Strategy Partner With the Best
How long is your commitment? Contract for no more than a year at a time. Unless you're a very large catalog company, contracting for more than one year isn't necessary. Too many things can change, and going out for bids once a year is good, sound business. It's a very competitive business, and you want to remain current. Ensure you can opt out of the contract if you don't feel the relationship is working.
What's not included in the price bid? Is the vendor's pricing competitive and inclusive? Make sure its philosophy to pricing isn't set up to nickel and dime you. Keep in mind that it's very easy for a vendor to offer a cataloger a low price. But, a low price alone won't retain a cataloger long term.
What do the vendor's clients say? Talk with three or four of the prospective vendor's other clients. Obtain several references and carefully check them out. In addition to checking out the company, conduct reference checks on the actual team that will be assigned to your account. Learn as much as you can about how the vendor operates.
You might want to use a simple form like the one shown to rate or score your evaluation of a vendor. In our example, a vendor under consideration is evaluated on 10 different points, and is given a score from one to five. Total the number of points, and divide by 10 to determine the score. If you're in the four to five range, you probably should consider using the vendor.
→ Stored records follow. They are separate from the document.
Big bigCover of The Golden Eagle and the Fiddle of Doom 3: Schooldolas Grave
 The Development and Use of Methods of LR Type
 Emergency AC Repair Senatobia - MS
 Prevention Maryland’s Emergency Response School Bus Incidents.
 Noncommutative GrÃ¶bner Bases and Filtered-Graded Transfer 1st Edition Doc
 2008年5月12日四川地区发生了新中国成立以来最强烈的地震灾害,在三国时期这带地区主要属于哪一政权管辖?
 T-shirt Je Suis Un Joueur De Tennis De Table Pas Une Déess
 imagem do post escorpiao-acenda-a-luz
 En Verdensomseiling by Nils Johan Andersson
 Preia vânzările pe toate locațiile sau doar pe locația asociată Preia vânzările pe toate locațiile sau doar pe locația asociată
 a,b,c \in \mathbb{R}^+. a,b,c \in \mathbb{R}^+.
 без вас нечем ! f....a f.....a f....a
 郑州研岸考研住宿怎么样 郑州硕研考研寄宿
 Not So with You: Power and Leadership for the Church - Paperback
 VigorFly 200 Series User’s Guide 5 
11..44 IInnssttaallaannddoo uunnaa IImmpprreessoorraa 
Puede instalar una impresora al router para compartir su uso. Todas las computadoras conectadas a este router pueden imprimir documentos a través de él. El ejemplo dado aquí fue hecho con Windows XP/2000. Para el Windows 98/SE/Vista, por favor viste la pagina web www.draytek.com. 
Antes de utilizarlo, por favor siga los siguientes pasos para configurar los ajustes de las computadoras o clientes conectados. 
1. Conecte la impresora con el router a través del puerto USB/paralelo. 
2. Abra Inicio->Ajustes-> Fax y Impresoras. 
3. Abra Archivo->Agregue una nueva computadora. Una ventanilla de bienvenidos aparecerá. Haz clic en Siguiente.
However, if you have scores of one, two or three, be wary. This vendor probably isn't right for you. Or, rank the criteria based on what's most important to you. What's more, you might want to say that a vendor has to be a five for at least four of the top five priority evaluation items in order to be considered. By doing this, you're weighing what's important to your needs. It's also a good idea to create this very same evaluation form for your current vendor to be sure there's a real gain by switching to another vendor.